- [WORK TO BE COMPLETED]
Would you reproduce exactly the lines below from the one holding "Winona marital status for males" through the one holding "template free download", inclusive, and no others?

- [INFORMATION]
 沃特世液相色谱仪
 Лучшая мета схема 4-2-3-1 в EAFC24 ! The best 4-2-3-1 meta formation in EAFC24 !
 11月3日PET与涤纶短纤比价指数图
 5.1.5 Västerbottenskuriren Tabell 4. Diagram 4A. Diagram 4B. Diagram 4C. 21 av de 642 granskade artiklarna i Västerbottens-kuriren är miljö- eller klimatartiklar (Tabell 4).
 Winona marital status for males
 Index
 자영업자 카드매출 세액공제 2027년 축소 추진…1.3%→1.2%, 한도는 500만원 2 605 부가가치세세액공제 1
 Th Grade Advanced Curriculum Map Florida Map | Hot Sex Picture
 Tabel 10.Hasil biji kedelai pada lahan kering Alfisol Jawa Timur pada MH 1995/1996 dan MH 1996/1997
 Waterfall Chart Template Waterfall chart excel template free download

---

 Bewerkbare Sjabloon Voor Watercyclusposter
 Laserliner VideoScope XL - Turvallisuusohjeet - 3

- [SOLUTION FOR THIS PROBLEM]
 Winona marital status for males
 Index
 자영업자 카드매출 세액공제 2027년 축소 추진…1.3%→1.2%, 한도는 500만원 2 605 부가가치세세액공제 1
 Th Grade Advanced Curriculum Map Florida Map | Hot Sex Picture
 Tabel 10.Hasil biji kedelai pada lahan kering Alfisol Jawa Timur pada MH 1995/1996 dan MH 1996/1997
 Waterfall Chart Template Waterfall chart excel template free download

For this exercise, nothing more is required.